È possibile vendere un immobile con difformità urbanistiche? La risposta, grazie alla sentenza n. 8230 del 22 marzo 2019 delle Sezioni Unite della Corte di Cassazione (disponibile al seguente link: Cassazione-civile-Sezioni-Unite-sentenza-8230-2019.pdf), è finalmente chiara: sì, a determinate condizioni.
La Suprema Corte ha risolto un annoso contrasto giurisprudenziale stabilendo che sono validi i trasferimenti immobiliari nei quali siano riportati gli estremi del titolo abilitativo in forza del quale è stato realizzato il fabbricato, anche se l’immobile è stato costruito in difformità, parziale o totale, rispetto a tale titolo.

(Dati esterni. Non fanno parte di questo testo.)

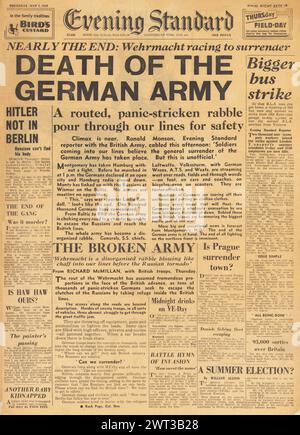 1945 Evening Standard prima pagina che riporta la morte dell'esercito tedesco Foto Stock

Il principio di diritto è ora inequivocabile: la nullità prevista dal D.P.R. n. 380/2001 (art. 46) e dalla L. n. 47/1985 (artt. 17 e 40) è di natura “testuale” e colpisce esclusivamente gli atti nei quali manchino totalmente, per dichiarazione dell’alienante, gli estremi del titolo abilitativo dell’immobile.

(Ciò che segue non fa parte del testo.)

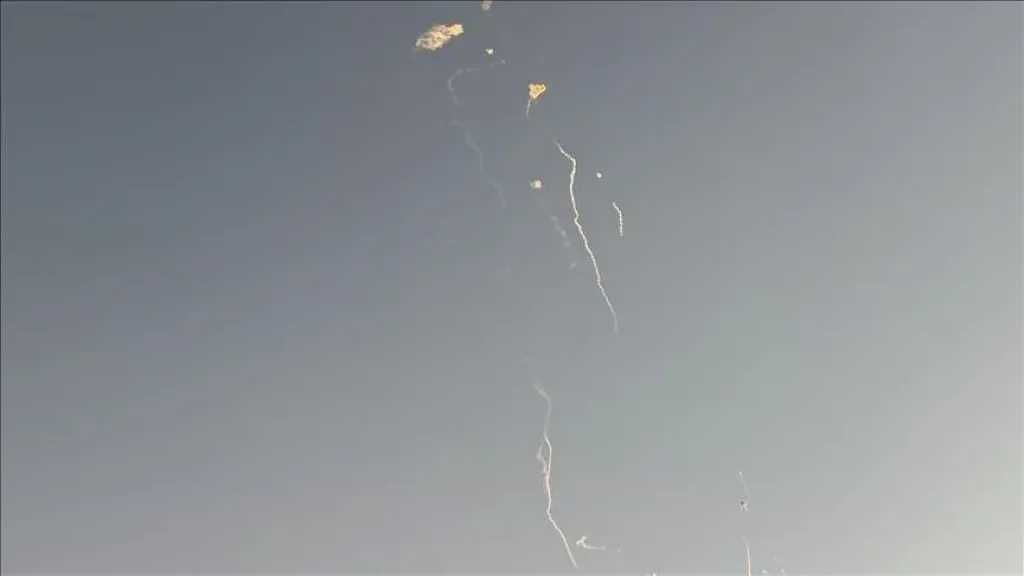 أعنف هجوم إيراني على السعودية .. وإطلاق أكثر من 50 طائرة نحو المملكة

Questa sentenza ha superato la precedente distinzione tra variazioni essenziali e non essenziali rispetto al titolo edilizio, che creava incertezze nell’individuare il confine tra immobili commerciabili e non commerciabili. La Cassazione ha evidenziato come tale distinzione generasse complicazioni pratiche, rendendo labile il confine tra abuso maggiore (che determinava l’incommerciabilità) e abuso minore (che consentiva la circolazione dell’immobile).
Secondo le Sezioni Unite, la norma urbanistica prevede ipotesi di nullità solo formale ai sensi dell’art. 1418, 3° comma c.c., e non sostanziale. Questo perché ogni limitazione alla libera circolazione dei beni deve essere interpretata restrittivamente e non in via analogica.

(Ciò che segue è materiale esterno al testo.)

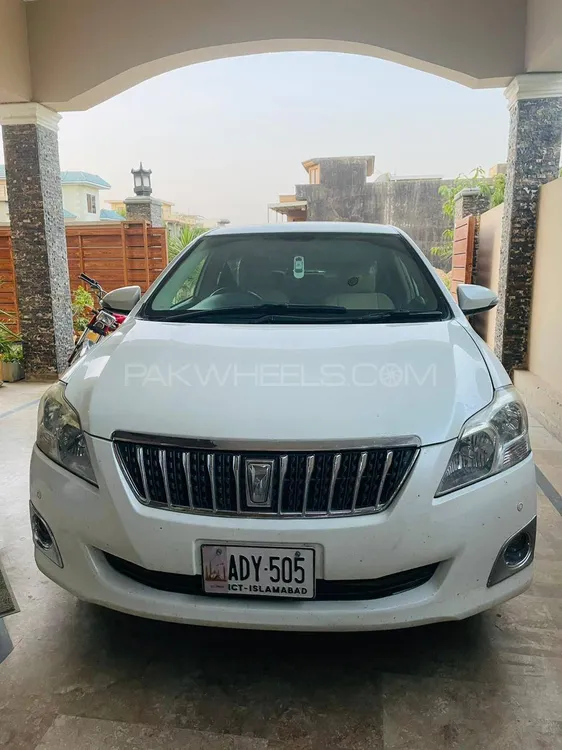 Toyota Premio 2013 for Sale in Islamabad Image-1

In pratica, un immobile sarà incommerciabile e il relativo atto di trasferimento nullo solo in due casi:
- Quando il venditore non dichiari in atto il titolo abilitativo alla realizzazione dell’immobile
- Quando il venditore dichiari che l’immobile è stato costruito in forza di un titolo inesistente o riferito ad un fabbricato diverso da quello venduto
La Corte ha precisato che questo approccio non svilisce la lotta all’abusivismo edilizio, che deve perseguirsi con strumenti diversi dalla nullità degli atti, la quale comporterebbe un’inammissibile limitazione alla compravendita immobiliare.
Questa pronuncia ha importanti implicazioni pratiche: in presenza della dichiarazione dell’alienante degli estremi del titolo urbanistico (reale e riferibile all’immobile), il contratto è valido indipendentemente dalla conformità o difformità della costruzione rispetto al titolo menzionato.
Ciò non significa che le difformità urbanistiche siano irrilevanti: esse mantengono rilevanza sul piano amministrativo, penale e civilistico (ad esempio in termini di vizi della cosa venduta), ma non incidono sulla validità dell’atto di trasferimento.
La sentenza sottolinea l’importanza di una due diligence tecnica e giuridica approfondita prima dell’acquisto di un immobile, per verificare la corrispondenza tra lo stato di fatto e quanto dichiarato nei titoli edilizi, evitando così spiacevoli sorprese future.